§ **What you will do**: Output every line below exactly.

[Collected data entries]
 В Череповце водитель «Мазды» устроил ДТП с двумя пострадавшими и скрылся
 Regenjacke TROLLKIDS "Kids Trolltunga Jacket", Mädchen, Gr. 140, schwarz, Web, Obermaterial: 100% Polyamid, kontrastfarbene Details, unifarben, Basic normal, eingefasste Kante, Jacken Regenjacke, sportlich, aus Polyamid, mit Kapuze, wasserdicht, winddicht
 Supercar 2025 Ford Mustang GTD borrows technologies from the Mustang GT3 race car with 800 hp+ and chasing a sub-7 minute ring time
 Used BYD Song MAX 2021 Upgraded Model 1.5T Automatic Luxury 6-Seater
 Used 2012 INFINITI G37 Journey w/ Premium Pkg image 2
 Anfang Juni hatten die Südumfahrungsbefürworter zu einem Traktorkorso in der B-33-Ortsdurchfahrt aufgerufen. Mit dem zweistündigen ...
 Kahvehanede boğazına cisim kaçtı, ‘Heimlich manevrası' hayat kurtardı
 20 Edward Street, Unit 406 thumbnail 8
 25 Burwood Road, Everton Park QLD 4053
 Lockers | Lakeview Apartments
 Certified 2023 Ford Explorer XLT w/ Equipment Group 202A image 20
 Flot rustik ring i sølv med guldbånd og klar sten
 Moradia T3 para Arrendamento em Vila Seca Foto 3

§ **Problem solution**:
 В Череповце водитель «Мазды» устроил ДТП с двумя пострадавшими и скрылся
 Regenjacke TROLLKIDS "Kids Trolltunga Jacket", Mädchen, Gr. 140, schwarz, Web, Obermaterial: 100% Polyamid, kontrastfarbene Details, unifarben, Basic normal, eingefasste Kante, Jacken Regenjacke, sportlich, aus Polyamid, mit Kapuze, wasserdicht, winddicht
 Supercar 2025 Ford Mustang GTD borrows technologies from the Mustang GT3 race car with 800 hp+ and chasing a sub-7 minute ring time
 Used BYD Song MAX 2021 Upgraded Model 1.5T Automatic Luxury 6-Seater
 Used 2012 INFINITI G37 Journey w/ Premium Pkg image 2
 Anfang Juni hatten die Südumfahrungsbefürworter zu einem Traktorkorso in der B-33-Ortsdurchfahrt aufgerufen. Mit dem zweistündigen ...
 Kahvehanede boğazına cisim kaçtı, ‘Heimlich manevrası' hayat kurtardı
 20 Edward Street, Unit 406 thumbnail 8
 25 Burwood Road, Everton Park QLD 4053
 Lockers | Lakeview Apartments
 Certified 2023 Ford Explorer XLT w/ Equipment Group 202A image 20
 Flot rustik ring i sølv med guldbånd og klar sten
 Moradia T3 para Arrendamento em Vila Seca Foto 3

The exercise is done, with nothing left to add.